> Information shown
====

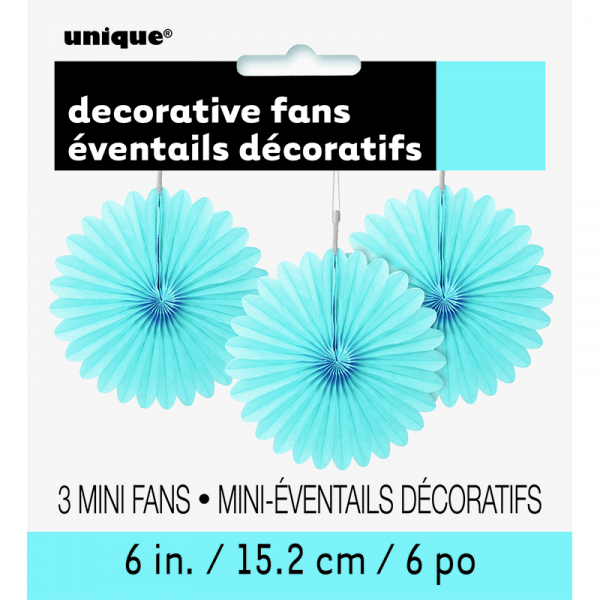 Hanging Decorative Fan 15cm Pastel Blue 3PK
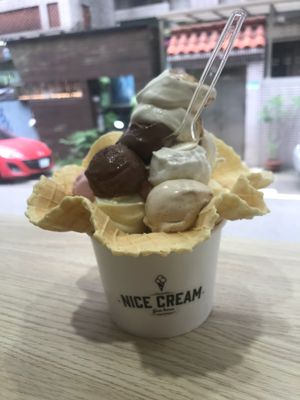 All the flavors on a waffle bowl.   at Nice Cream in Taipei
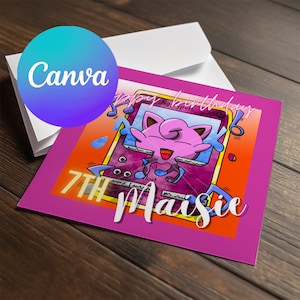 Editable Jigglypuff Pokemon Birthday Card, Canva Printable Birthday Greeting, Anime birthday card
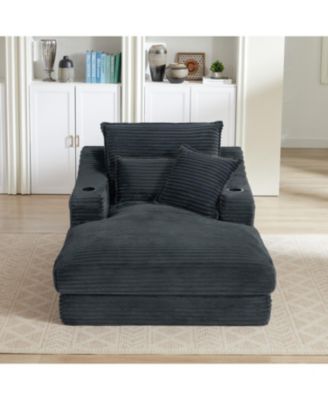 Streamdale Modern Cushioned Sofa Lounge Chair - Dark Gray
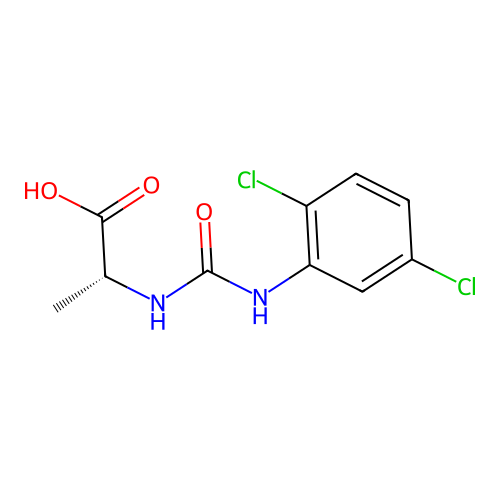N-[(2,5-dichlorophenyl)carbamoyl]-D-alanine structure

====

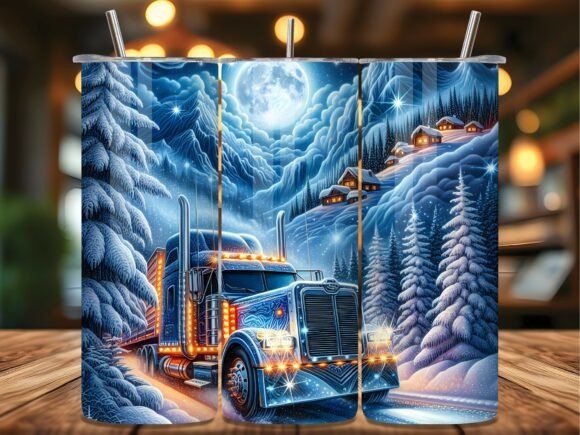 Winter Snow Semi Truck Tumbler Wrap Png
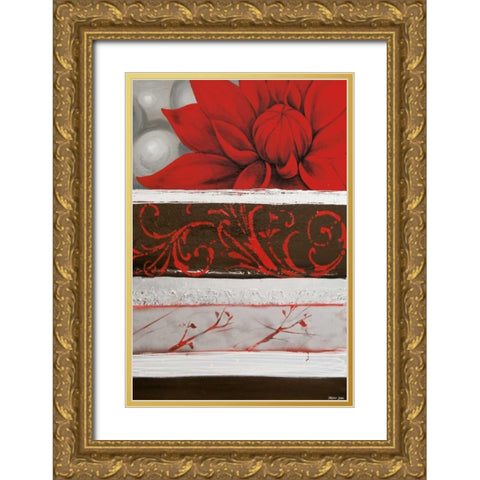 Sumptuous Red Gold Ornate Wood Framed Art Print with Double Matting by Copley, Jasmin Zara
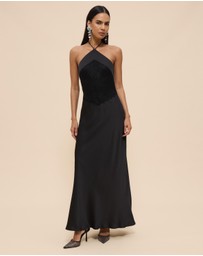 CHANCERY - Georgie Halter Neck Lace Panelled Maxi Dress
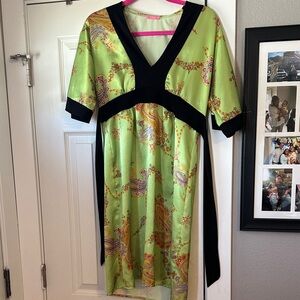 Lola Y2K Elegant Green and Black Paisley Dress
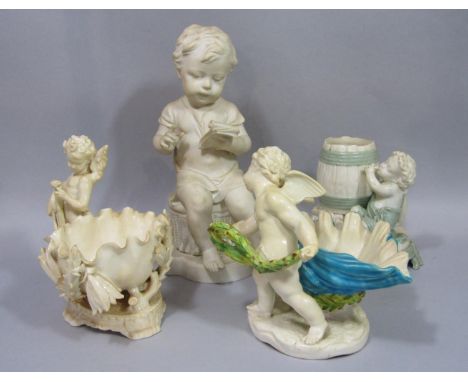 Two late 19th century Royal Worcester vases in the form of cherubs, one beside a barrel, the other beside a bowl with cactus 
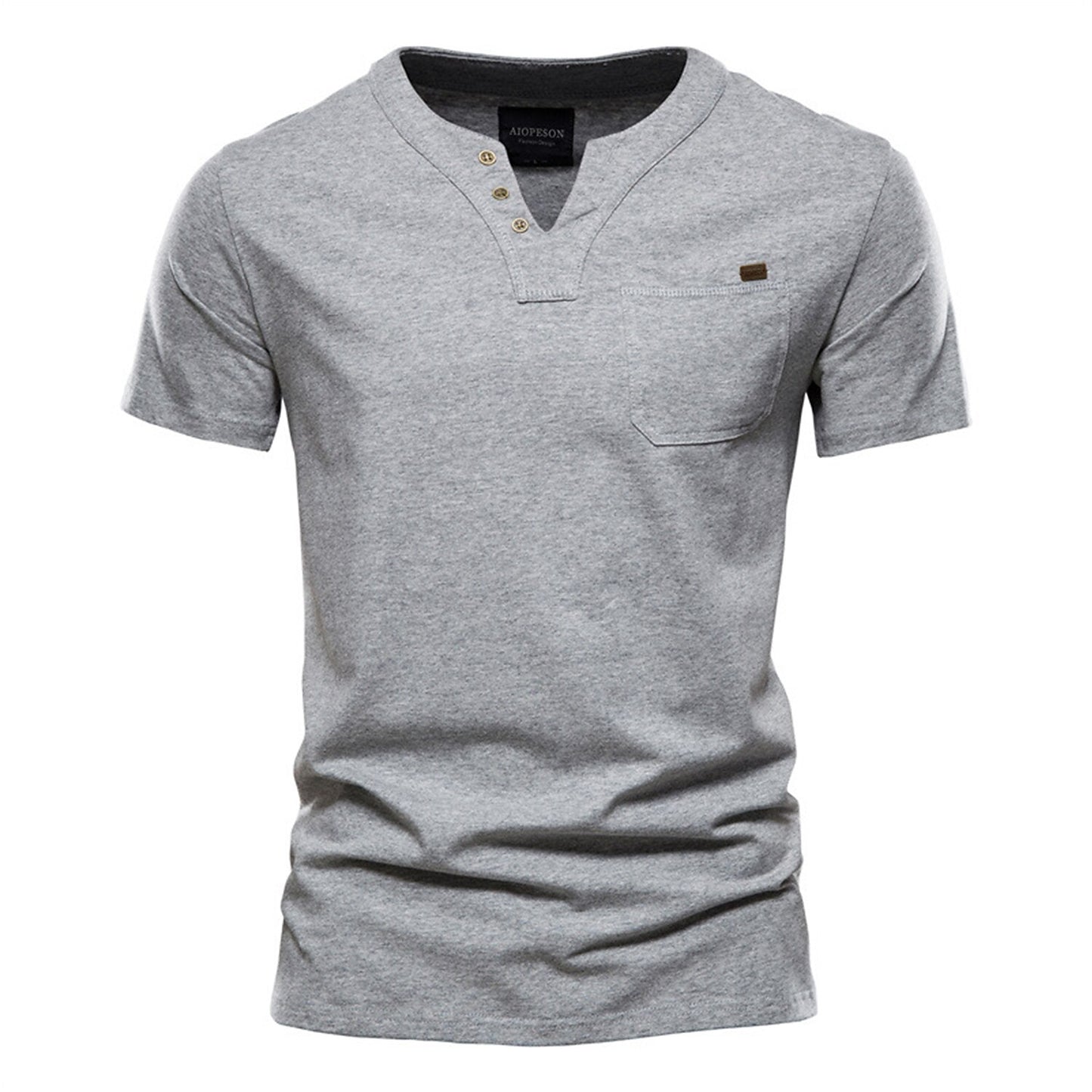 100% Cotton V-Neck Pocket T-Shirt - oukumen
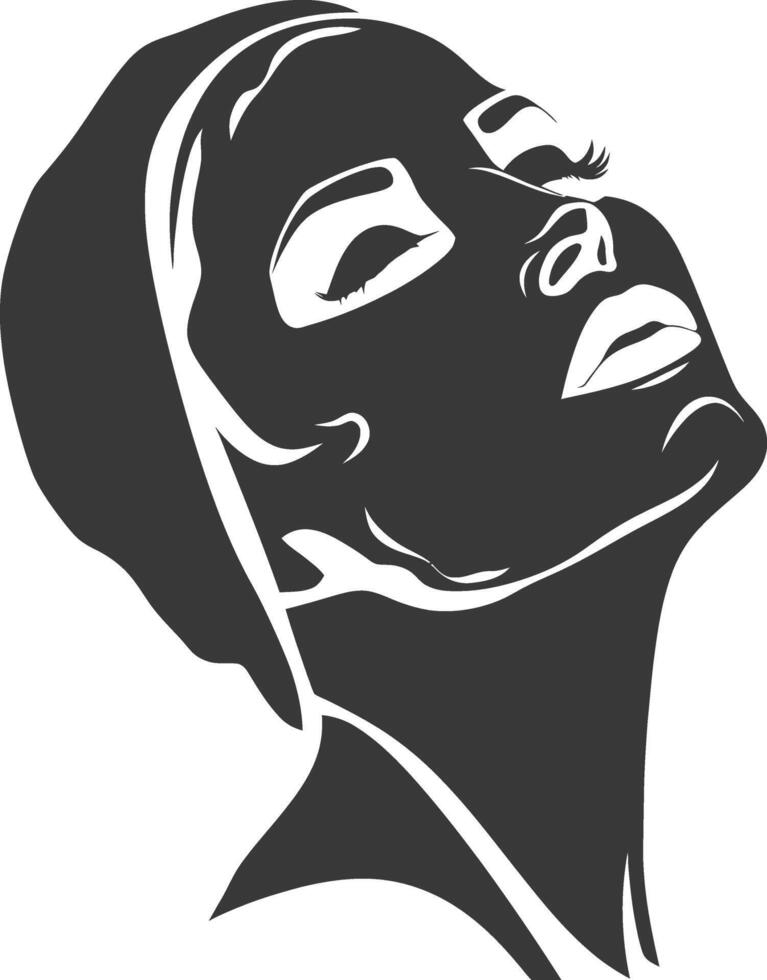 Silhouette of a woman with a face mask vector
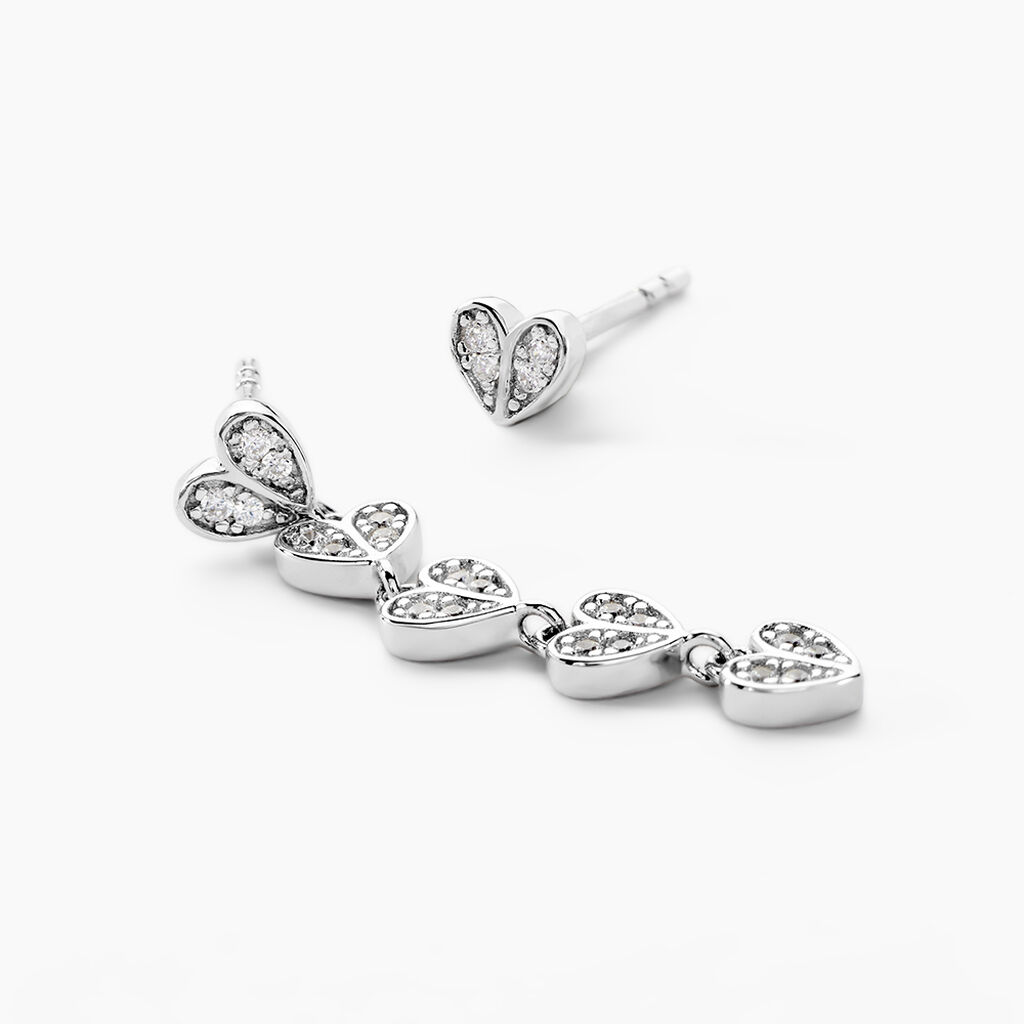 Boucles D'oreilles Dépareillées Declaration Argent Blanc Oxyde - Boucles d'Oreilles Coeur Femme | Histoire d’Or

====

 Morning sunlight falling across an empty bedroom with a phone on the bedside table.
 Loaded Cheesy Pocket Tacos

====

> Task brief
I'd like the lines above from the one with "Morning sunlight falling" up to and including the one with "Loaded Cheesy Pocket Tacos" copied exactly, with no other lines.

> Result of this task
 Morning sunlight falling across an empty bedroom with a phone on the bedside table.
 Loaded Cheesy Pocket Tacos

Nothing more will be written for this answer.